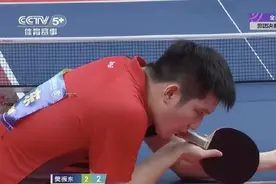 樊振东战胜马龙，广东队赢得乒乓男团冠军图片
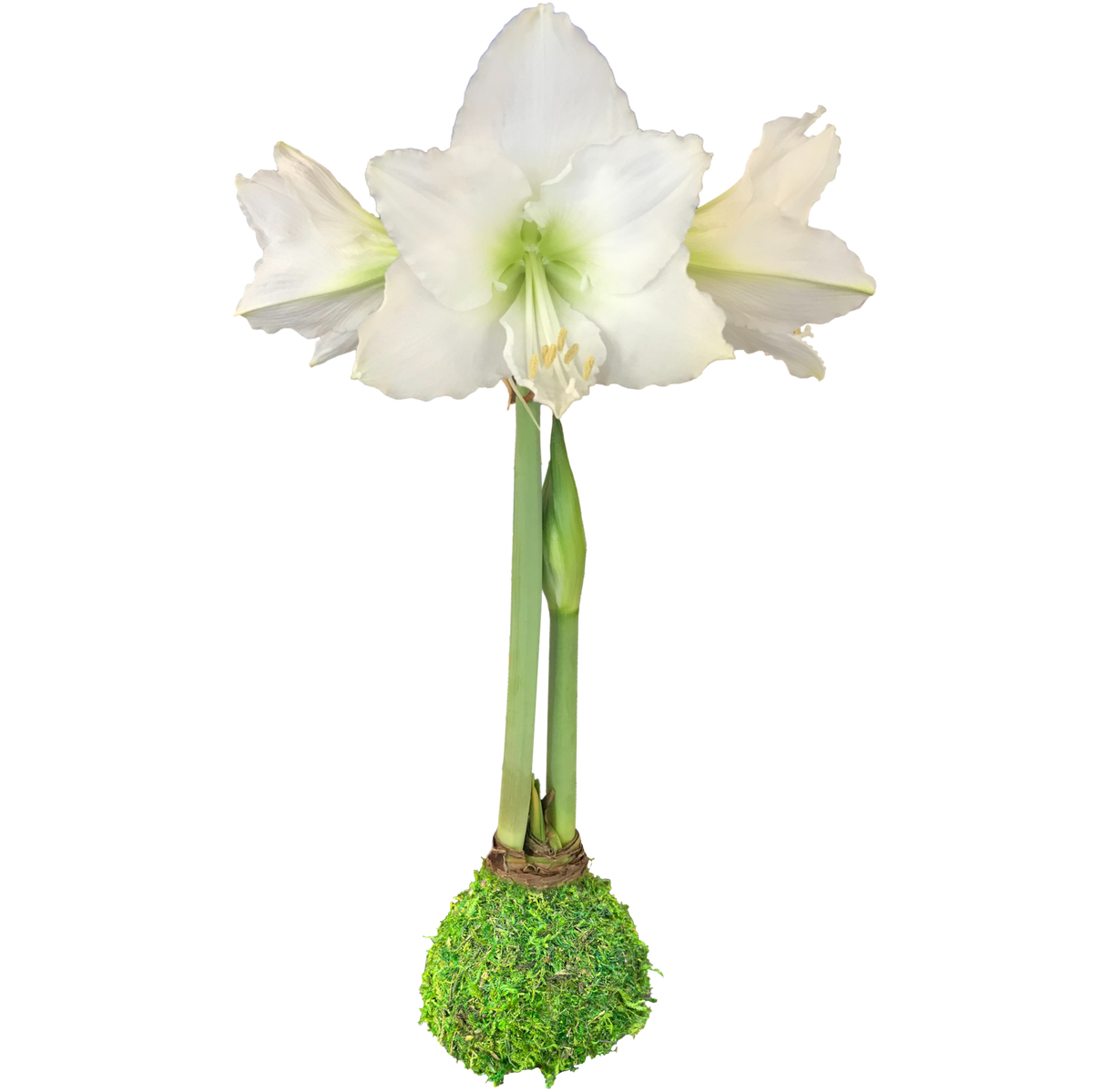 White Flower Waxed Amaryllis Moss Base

--

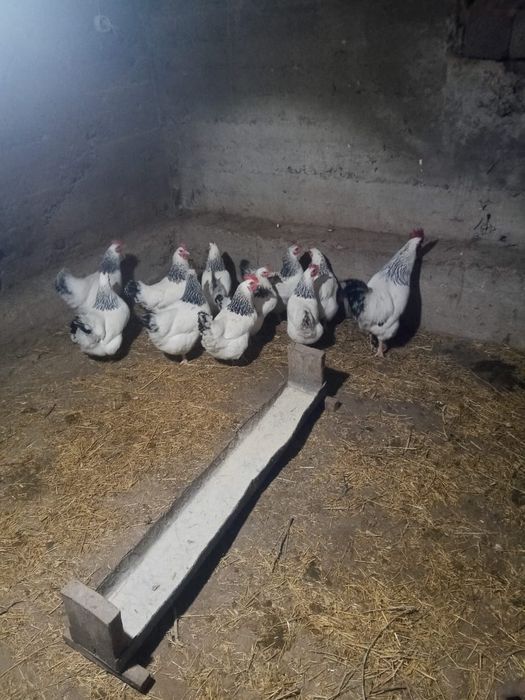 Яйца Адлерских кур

What you are asked to do: The lines above starting at the one that holds "樊振东战胜马龙，广东队赢得乒乓男团冠军图片" and ending at the one that holds "White Flower Waxed Amaryllis Moss Base" are to be written out exactly, ends included, and no pictures are to be copied.

Task solution:
 樊振东战胜马龙，广东队赢得乒乓男团冠军图片
 White Flower Waxed Amaryllis Moss Base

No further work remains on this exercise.